• REQUIRED WORK
Only these lines of the data below are wanted: the one with "In this piece", the one with "So in this video, I'm", and any lines between them, each repeated exactly.

• PROVIDED RECORDS
......

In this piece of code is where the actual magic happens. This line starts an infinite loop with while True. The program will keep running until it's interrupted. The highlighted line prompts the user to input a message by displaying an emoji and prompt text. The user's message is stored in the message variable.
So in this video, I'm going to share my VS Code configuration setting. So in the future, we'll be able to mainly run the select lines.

......

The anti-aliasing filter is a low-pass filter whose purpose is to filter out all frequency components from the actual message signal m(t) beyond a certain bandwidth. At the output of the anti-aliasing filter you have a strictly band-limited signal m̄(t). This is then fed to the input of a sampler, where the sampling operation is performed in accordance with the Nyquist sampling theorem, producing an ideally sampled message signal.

......

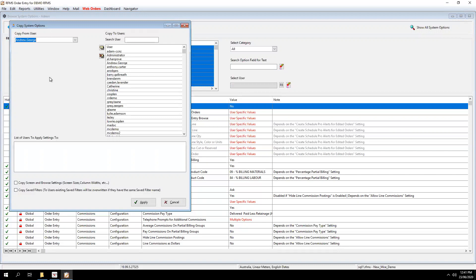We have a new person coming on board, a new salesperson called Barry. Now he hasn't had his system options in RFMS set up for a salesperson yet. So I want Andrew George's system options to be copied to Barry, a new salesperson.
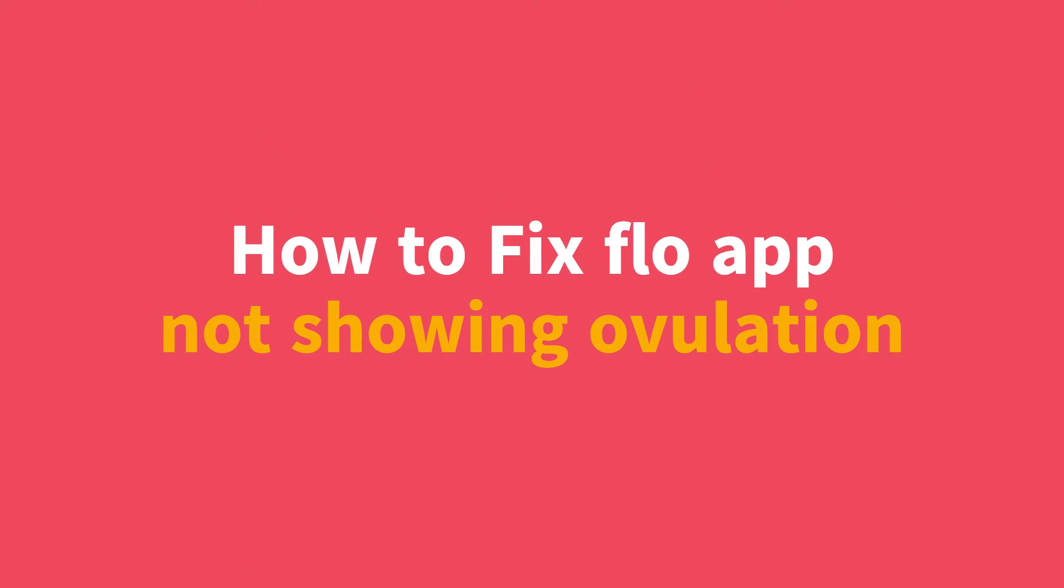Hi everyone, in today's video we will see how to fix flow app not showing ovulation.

......

• RESPONSE FOR THIS EXERCISE
In this piece of code is where the actual magic happens. This line starts an infinite loop with while True. The program will keep running until it's interrupted. The highlighted line prompts the user to input a message by displaying an emoji and prompt text. The user's message is stored in the message variable.
So in this video, I'm going to share my VS Code configuration setting. So in the future, we'll be able to mainly run the select lines.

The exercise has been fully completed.